• **Task instructions**:
The answer is the full listing restated exactly, without any pictures.

• **Provided material**:

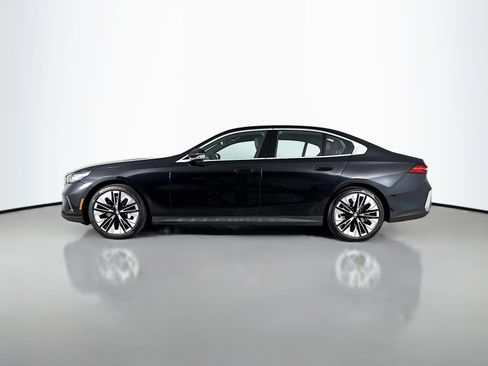 Used 2025 BMW 530i w/ Premium Package image 4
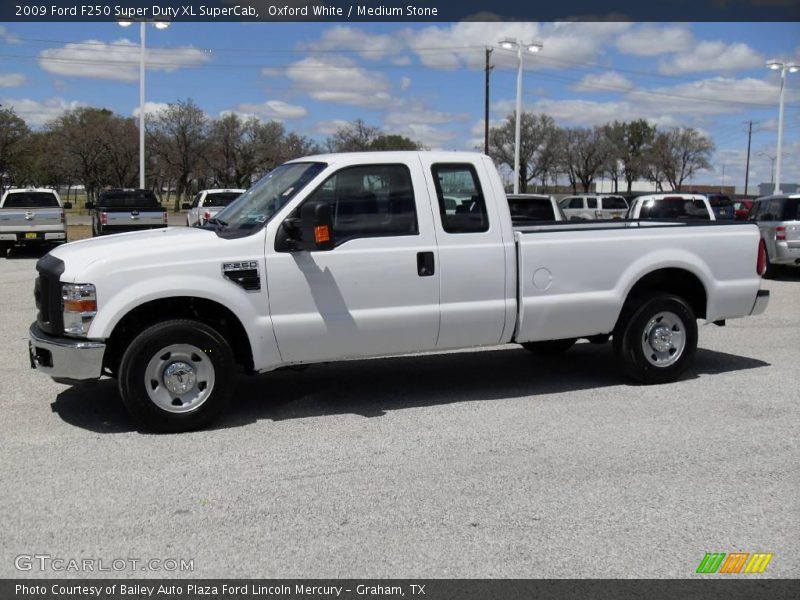 Oxford White / Medium Stone 2009 Ford F250 Super Duty XL SuperCab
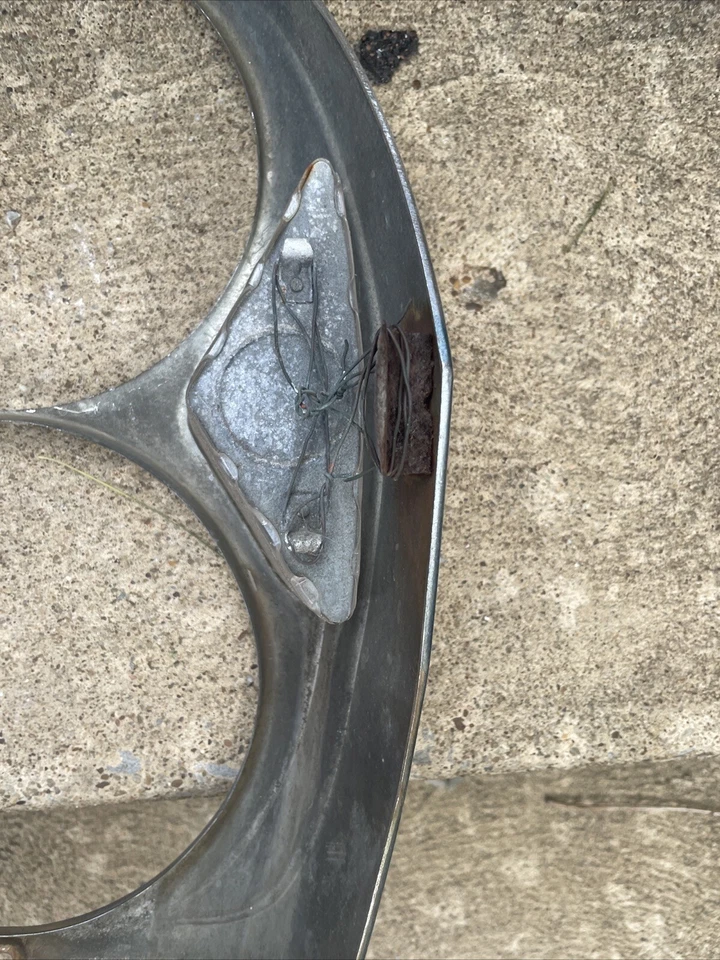 Bisel de faros MERCEDES BENZ W111 220SE 250SE W112, W108, W109 1L-1R Foto 3 de 4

• **Your response**:
 Used 2025 BMW 530i w/ Premium Package image 4
 Oxford White / Medium Stone 2009 Ford F250 Super Duty XL SuperCab
 Bisel de faros MERCEDES BENZ W111 220SE 250SE W112, W108, W109 1L-1R Foto 3 de 4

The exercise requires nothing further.